Thysanotus prospectus

Scientific classification
- Kingdom: Plantae
- Clade: Embryophytes
- Clade: Tracheophytes
- Clade: Spermatophytes
- Clade: Angiosperms
- Clade: Monocots
- Order: Asparagales
- Family: Asparagaceae
- Subfamily: Lomandroideae
- Genus: Thysanotus
- Species: T. prospectus
- Binomial name: Thysanotus prospectus C.J.French & T.D.Macfarl.

= Thysanotus prospectus =

- Genus: Thysanotus
- Species: prospectus
- Authority: C.J.French & T.D.Macfarl.

Species of flowering plant

Thysanotus prospectus is a species of flowering plant in the Asparagaceae family, and is endemic to southern Western Australia. It is an annual herb with glabrous, terete leaves, and panicles of usually three or four purple flowers with elliptic, fringed petals and six stamens.

==Description==
Thysanotus prospectus is an annual herb with a small, perennial rootstock and storage roots. Its three to eight leaves are terete, erect, glabrous, 199–390 mm long and 0.8–2.2 mm wide. The flowers are borne in a panicle usually with three or four flowers on an erect scape, the rachis 20–330 mm long and slightly longer to much longer than the leaves. Each flower is on an erect pedicel 11–20 mm long. The perianth segments are 13–18 mm long, the sepals 2–3.9 mm wide. The petals are purple, 3.5–7.6 mm wide, with a fringe about 2–5 mm long. There are six stamens, the outer anthers straight and twisted, 3.1–5.6 mm long, and the inner anthers twisted and strongly curved, 6.5–8 mm long. Flowering occurs in late November and December, and the fruit is cylindrical, 7.0–7.5 mm long, the seeds black with a whitish aril.

==Taxonomy==
Thysanotus prospectus was first formally described in 2024 by Christopher James French and Terry Desmond Macfarlane in the journal Nuytsia from specimens collected on the east side of Lake Pleasant View near Manypeaks township in 2021. The specific epithet (prospectus) means 'an outlook' or 'view', referring to the occurrence of the plant on sites overlooking lakes, particularly the lake where the authors first saw the species.

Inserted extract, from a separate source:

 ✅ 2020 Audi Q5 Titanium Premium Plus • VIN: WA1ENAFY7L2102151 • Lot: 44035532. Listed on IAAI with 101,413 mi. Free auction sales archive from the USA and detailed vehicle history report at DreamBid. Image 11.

==Distribution and habitat==
This species of fringe lily grows in damp to wet sites near the shores of lakes or in adjacent gypsum dunes between Manypeaks and near Cape Arid National Park in the Esperance Plains and Jarrah Forest bioregions of southern Western Australia.

==Conservation status==
Thysanotus prospectus is listed as "not threatened" by the Government of Western Australia Department of Biodiversity, Conservation and Attractions.